Im Repertorium Poenitentiariae Germanicum (RPG) sind die an die Pönitentiarie gerichteten Suppliken (Bittschriften) von Personen, Kirchen und Orten des Deutschen Reiches verzeichnet. Das von Ludwig Schmugge herausgegebene Quellenwerk aus dem Vatikanischen Archiv gibt tiefe Einblicke in die Gewissensnöte der Menschen. Und was in Zeiten von geschlossenen Bibliotheken besonders wichtig ist: Man kann eine Datenbank benutzen - eine unterschätzte, aber unglaublich reichhaltige Quelle.

"Bei Mord und Totschlag hingegen, besonders wenn Geistliche involviert waren, verlangte die Pönitentiarie eine ausführliche und detaillierte Darstellung des Falls, denn davon hingen Bewertung und Urteil ab", erklärt der Historiker. In der Regel haben die Bittsteller versucht, ihre Schuld zu minimieren. Deswegen lesen sich solche Eingaben wie ein kontinuierliches "Dumm gelaufen", "Ich konnte nichts dafür" oder "Es war Notwehr". Letztendlich war es immer dieses kleine Messerchen und dann lag jemand tot am Boden.

Kulturgeschichtlich interessante Hinweise

Was ihn als Historiker besonders an diesen Quellen fasziniert: "So erfahren wir eben davon, dass ein Geistlicher beim traditionellen Kanonenschuss in der Silvesternacht einen Finger eingebüßt hat. Das ist nicht nur kurios, sondern auch kulturgeschichtlich interessant, wenn schon vor 500 Jahren geböllert wurde. Andere berichten von Unfällen oder Streitigkeiten im eigenen Haus und da wird dann schon mal der gesamte Hausrat beschrieben, der bei einer Schlägerei zum Einsatz kam."

Seine persönliche Lieblingsgeschichte aus den Supplikenregistern stammt aus dem Jahr 1441. Der Priester John Smyth aus der Diözese Glasgow nahm an einem Fußballspiel teil, wobei die beiden Mannschaften sowohl aus Geistlichen wie Laien bestanden. Das Spiel war Teil der Festlichkeiten anlässlich des Katharinentags (25. November), wie es in seinem Land Gewohnheit war.

Mittelalterliche Lebenswelt sichtbar machen

John Smyth wollte einem gegnerischen Spieler den Ball abnehmen, doch hatte unglücklicherweise ein Mitspieler die gleiche Idee. So sind dann beide miteinander zusammengestoßen ohne den Ball auch nur zu erreichen. John Smyths Mitspieler verletzte sich durch den harten Aufprall allerdings so sehr, dass er wenige Zeit später daran verstarb.
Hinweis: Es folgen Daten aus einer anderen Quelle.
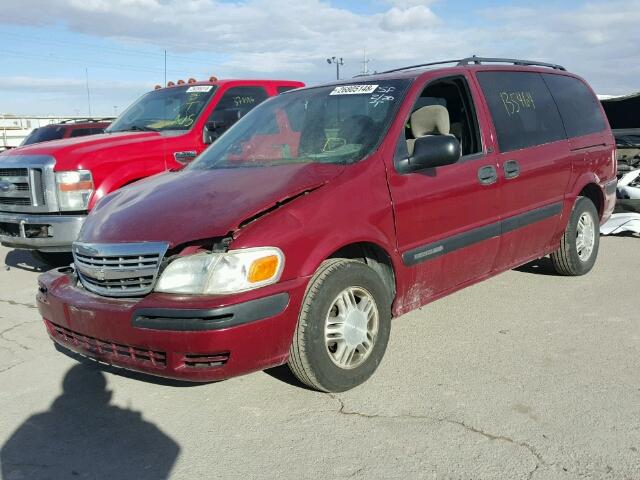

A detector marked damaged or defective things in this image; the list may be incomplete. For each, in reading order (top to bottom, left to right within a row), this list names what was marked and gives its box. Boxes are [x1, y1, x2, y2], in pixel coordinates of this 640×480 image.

cracked headlight [154, 249, 284, 294] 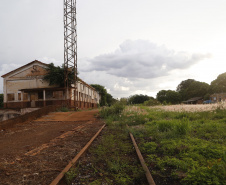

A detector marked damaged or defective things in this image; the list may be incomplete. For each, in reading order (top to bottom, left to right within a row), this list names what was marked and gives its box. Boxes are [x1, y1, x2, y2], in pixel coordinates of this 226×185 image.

rusty rail [49, 123, 106, 185]
rusty rail [127, 125, 155, 184] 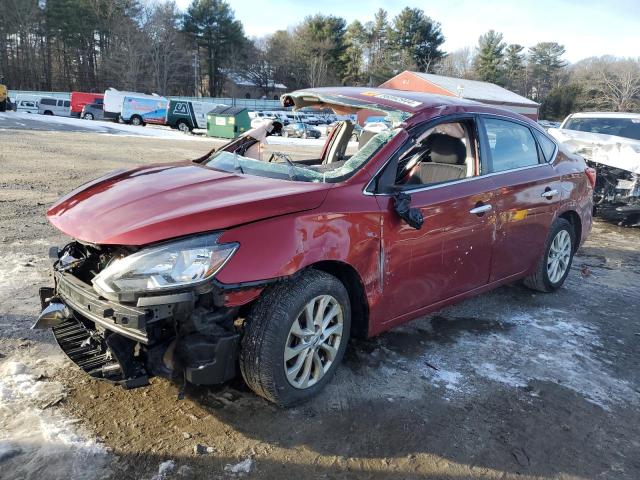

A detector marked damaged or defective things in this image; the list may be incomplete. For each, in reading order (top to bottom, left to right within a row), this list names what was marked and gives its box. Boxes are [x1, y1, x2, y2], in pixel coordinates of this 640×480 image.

broken front end [33, 236, 251, 390]
damaged red car [35, 87, 596, 404]
damaged vehicle in background [35, 88, 596, 406]
damaged vehicle in background [552, 111, 640, 226] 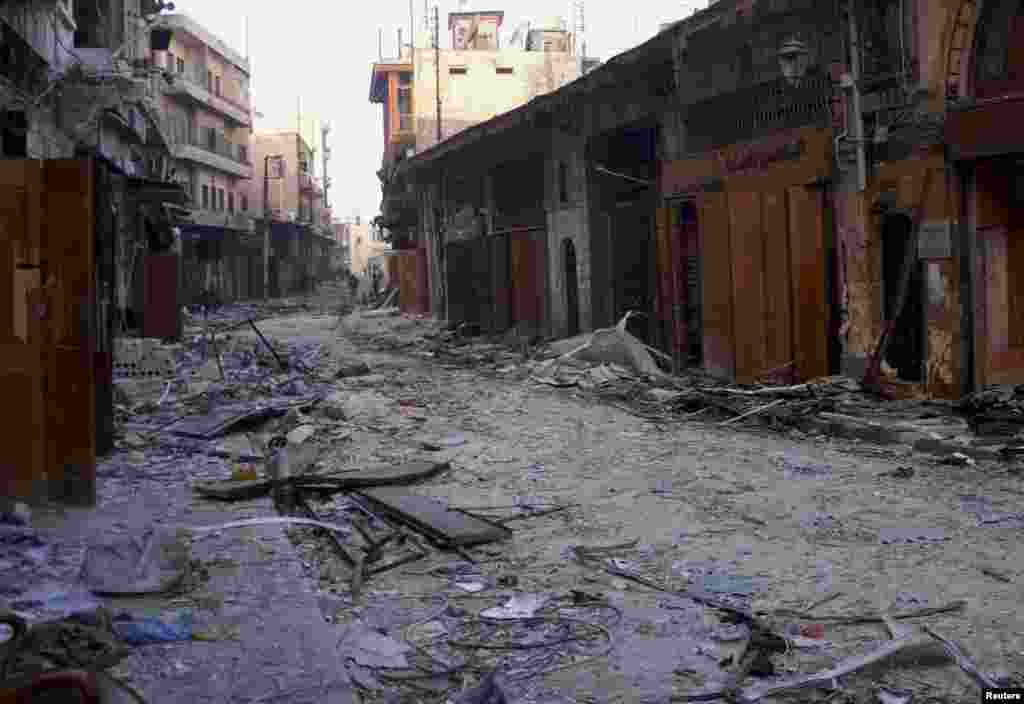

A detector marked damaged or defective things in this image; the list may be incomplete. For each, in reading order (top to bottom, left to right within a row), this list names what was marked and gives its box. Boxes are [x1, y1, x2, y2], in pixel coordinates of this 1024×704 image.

damaged building [386, 0, 1024, 402] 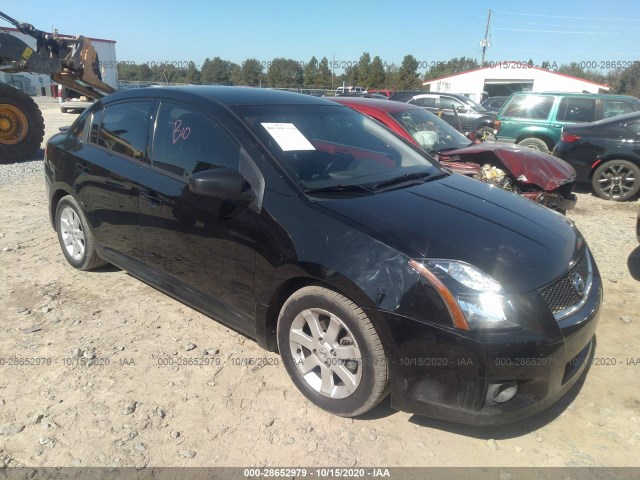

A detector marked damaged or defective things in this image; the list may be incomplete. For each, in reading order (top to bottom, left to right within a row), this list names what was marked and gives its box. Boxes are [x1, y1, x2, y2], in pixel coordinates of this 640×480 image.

damaged car [46, 86, 600, 424]
damaged car [332, 95, 576, 212] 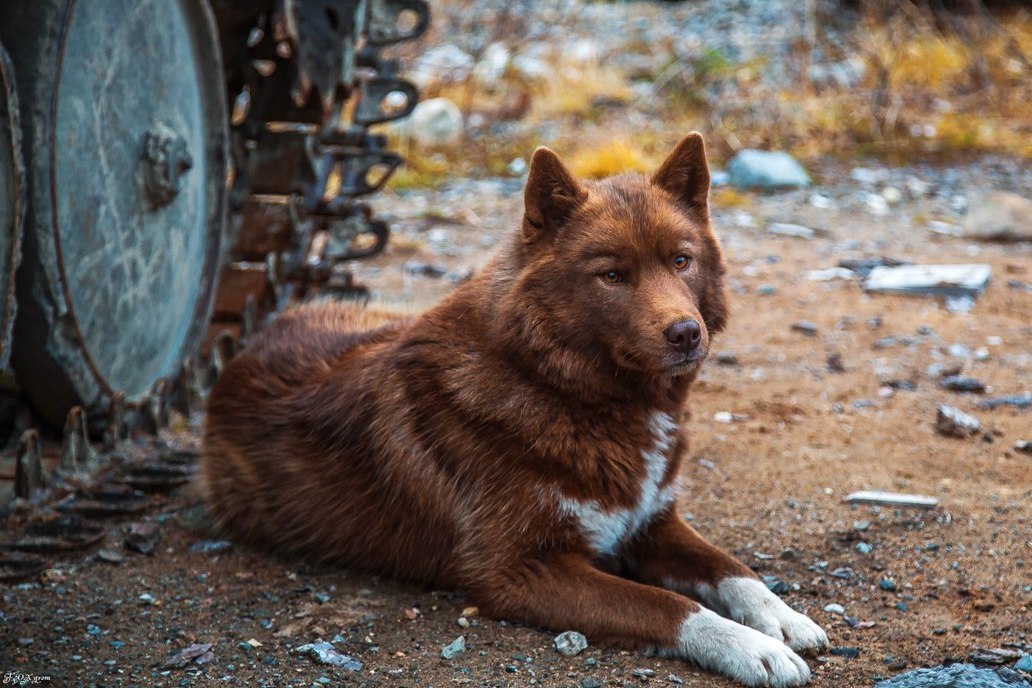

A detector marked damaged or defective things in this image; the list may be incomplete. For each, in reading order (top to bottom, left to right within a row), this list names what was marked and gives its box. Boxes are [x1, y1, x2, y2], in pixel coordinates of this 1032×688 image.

rusted metal plate [0, 45, 23, 371]
rusted metal plate [0, 0, 228, 424] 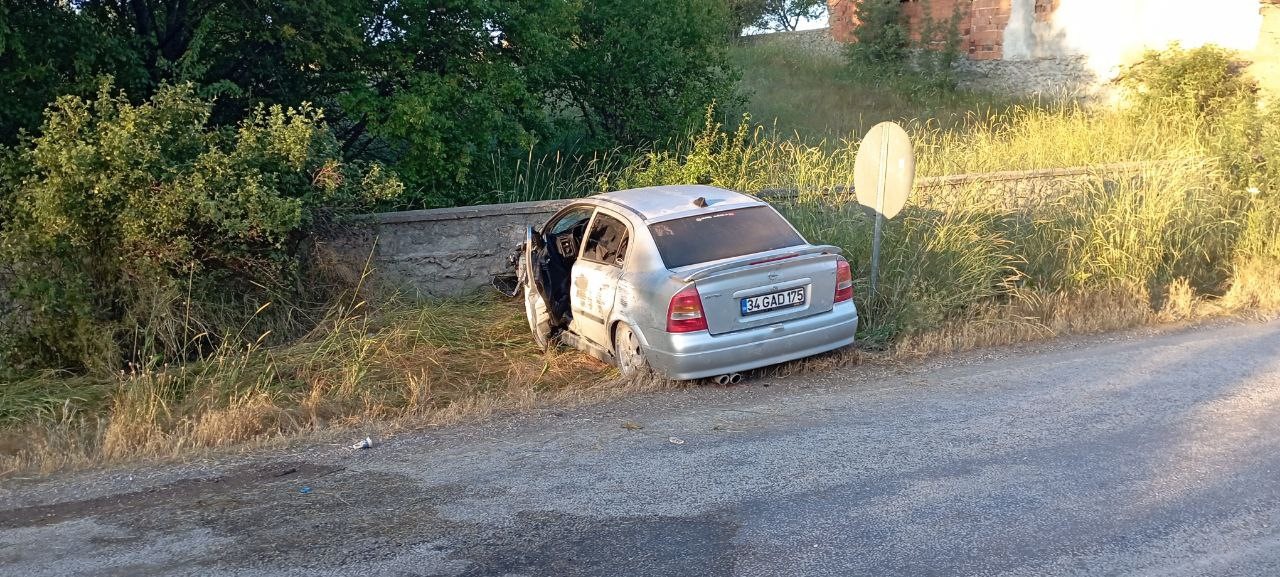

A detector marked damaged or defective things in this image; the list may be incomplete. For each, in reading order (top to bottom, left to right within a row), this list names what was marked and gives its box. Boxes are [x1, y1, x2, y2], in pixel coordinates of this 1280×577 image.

crashed silver sedan [516, 186, 856, 382] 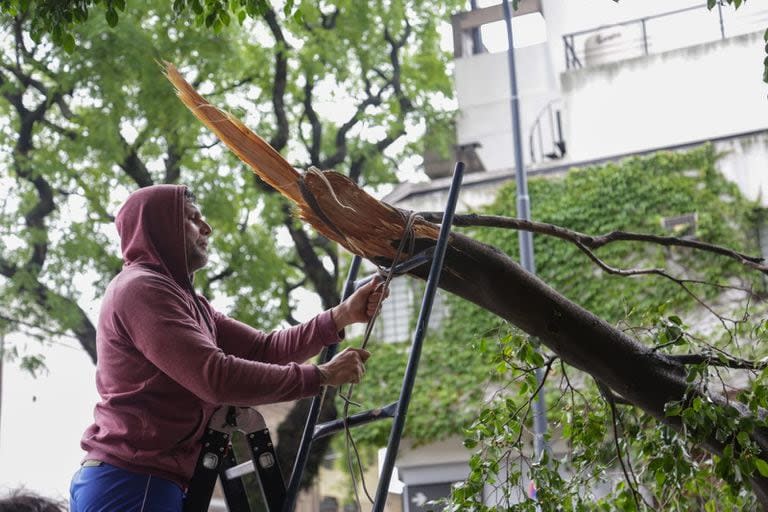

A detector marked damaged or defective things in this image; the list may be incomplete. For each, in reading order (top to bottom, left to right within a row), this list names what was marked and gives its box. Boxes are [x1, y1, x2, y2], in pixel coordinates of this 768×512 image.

splintered wood [162, 62, 438, 262] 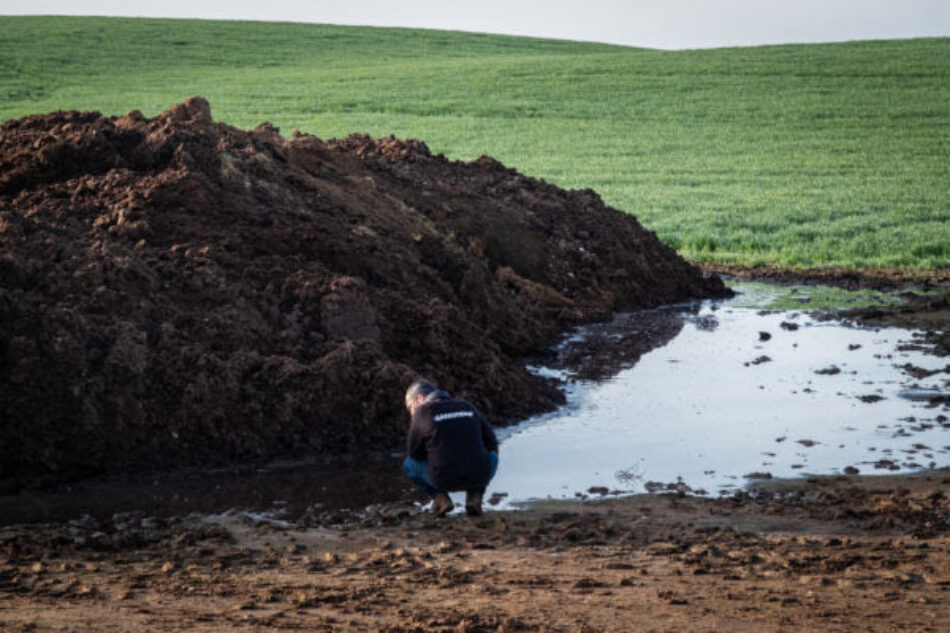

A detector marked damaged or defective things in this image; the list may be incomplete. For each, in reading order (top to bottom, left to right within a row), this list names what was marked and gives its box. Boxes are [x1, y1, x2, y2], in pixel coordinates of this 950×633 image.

environmental damage [0, 96, 728, 486] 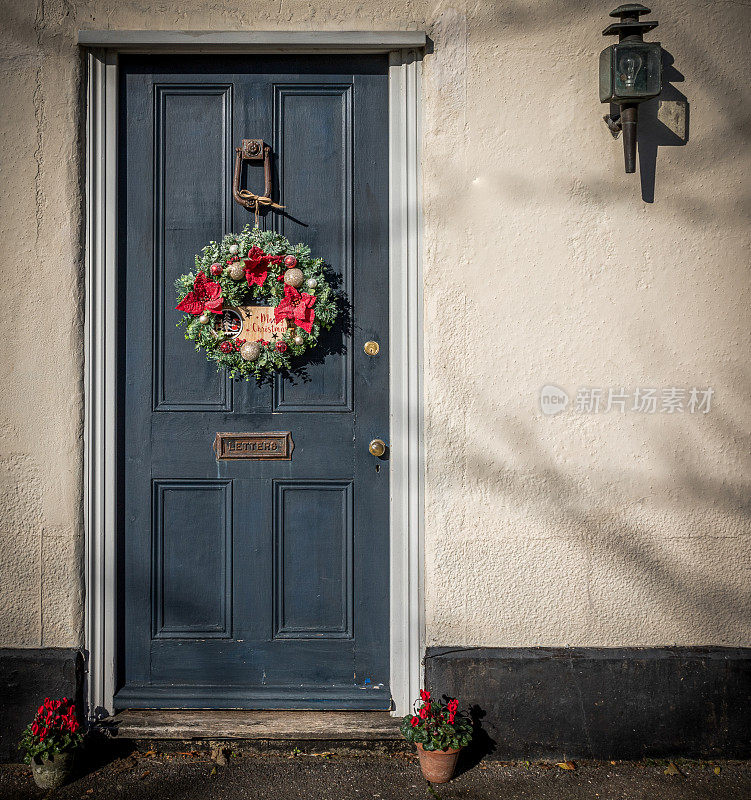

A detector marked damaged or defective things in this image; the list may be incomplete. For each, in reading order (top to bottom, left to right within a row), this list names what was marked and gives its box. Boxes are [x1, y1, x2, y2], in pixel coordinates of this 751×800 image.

rusty door knocker ring [232, 137, 284, 219] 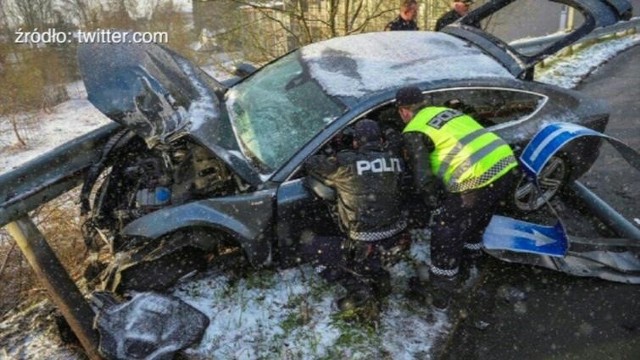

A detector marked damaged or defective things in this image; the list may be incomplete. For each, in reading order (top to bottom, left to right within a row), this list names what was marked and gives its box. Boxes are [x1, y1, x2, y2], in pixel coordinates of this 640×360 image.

shattered windshield [225, 51, 344, 173]
wrecked dark car [67, 0, 632, 292] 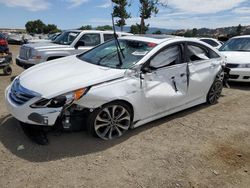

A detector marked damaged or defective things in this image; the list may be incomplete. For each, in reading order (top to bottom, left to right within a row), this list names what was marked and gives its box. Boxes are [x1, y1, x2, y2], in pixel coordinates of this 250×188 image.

broken headlight [30, 88, 89, 108]
crumpled hood [18, 55, 126, 97]
damaged white sedan [5, 36, 225, 140]
wrecked vehicle [5, 36, 225, 140]
wrecked vehicle [220, 35, 250, 82]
"Diese Geschichte beinhaltet vieles von dem, was die Supplikenregister als Quelle so wertvoll macht. Nicht nur die sehr frühe und explizite Beschreibung eines Fußballspiels, die als Einzelbefund schon aufhorchen lässt", sagt der Historiker. "Die Supplikenregister halten häufig solche kleinen Überraschungen bereit. Daneben aber breitet sich in diesen Geschichten die ganze mittelalterliche Lebenswelt vor dem geistigen Auge aus. Hier erzählen uns die Menschen selbst, was sie umtrieb, zum Teil sogar in wörtlicher Rede. Näher kommt man den Menschen des späten Mittelalters kaum."